My Favourite Bookshop, by Sydney author Maggie Joel
On my third day in Australia I took a bus from the centre of Sydney to what seemed to me, having spent those first three days hugging Circular Quay, the city, Kings Cross – to be placed so far out into the vast unknown wastelands of a city I doubted my ability to find my way back.
The bus brought me – after barely ten minutes on Broadway and City Road – to Newtown.
That first visit – undertaken at the behest of a Berlitz guide promising cafes, cheap beer and student dives – was made on a rainy June evening in 1991. I arrived here then, five years before the bookshop, I now think of my local.
Better Read Than Dead sits at the heart of Newtown, on the gentle curve of King Street that houses the Dendy Cinema and offers views south towards Newtown station and the junction with Enmore Road and Lower King Street where the suburb sloughs off its hipster veneer and assumes the more comfortable mantle of Nineties scruffiness.
We are both here now – Better Read Than Read arrived in 1996, I finally moved here in 2014 after two decades in the wilderness of Outer Inner West apartment living. I have four, almost five, books to my name, Better Read Than Read has a cornucopia of glittering titles as diverse as its customers. Its location, in that sweet spot between the local IGA supermarket, my bank and a café I habitually frequent, means I visit, on average, once a fortnight, sometimes weekly. True, I do sometimes feel the need to shuffle the books around a bit on the ‘J’ shelf, simply to ensure my own works get their due prominence, but no one seems to mind.

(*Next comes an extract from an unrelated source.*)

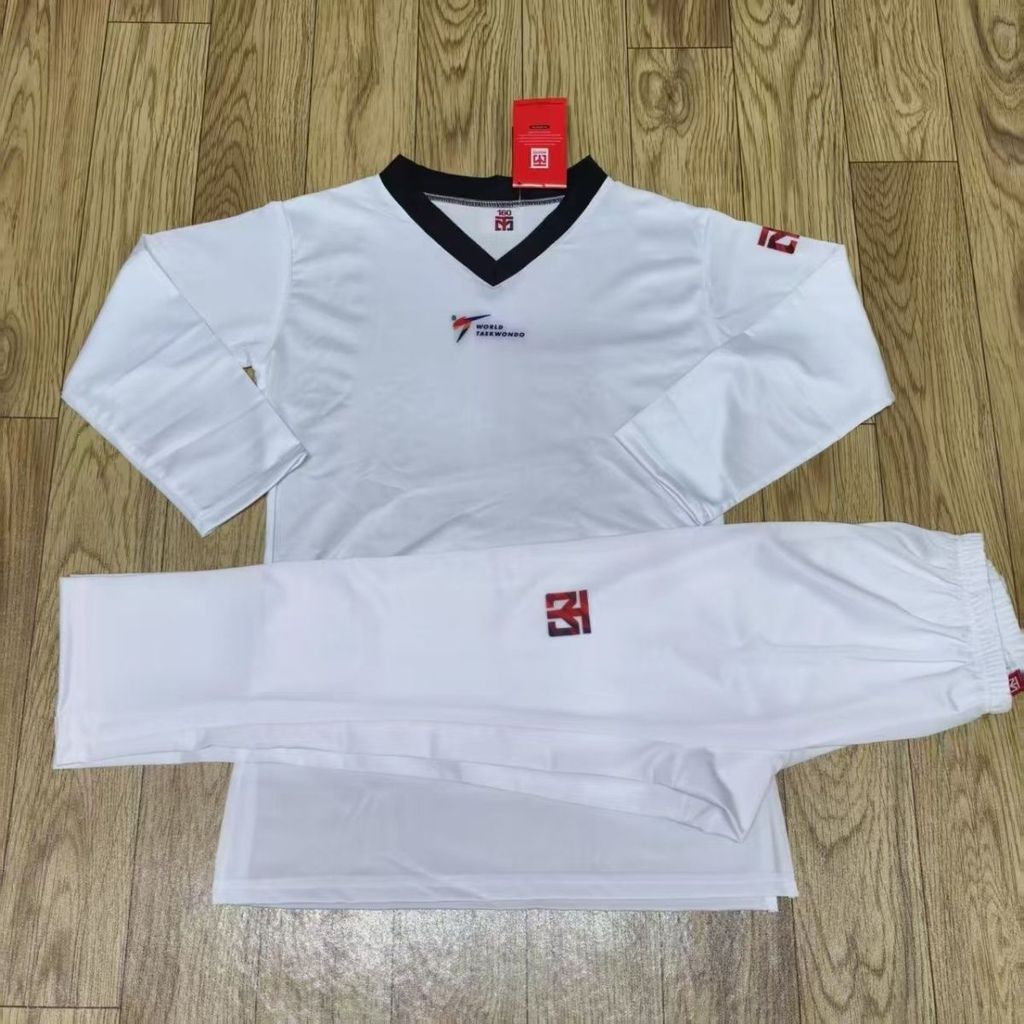 Crianças roupas de taekwondo elástico apertado adulto treinamento de secagem rápida roupas de taekwondo respirável roupa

My new novel, The Unforgiving City, is my homage to my adopted home. Its opening scene is set right here in Newtown at a boisterous pro-Federation rally on a rainy night in June of 1899 and the feelings that ran high amongst the local populace that night is hard to find in the gently milling customers who browse the latest releases at Better Read Than Dead on a Saturday afternoon in 2019. But perhaps it is merely a different sort of passion, a passion for books.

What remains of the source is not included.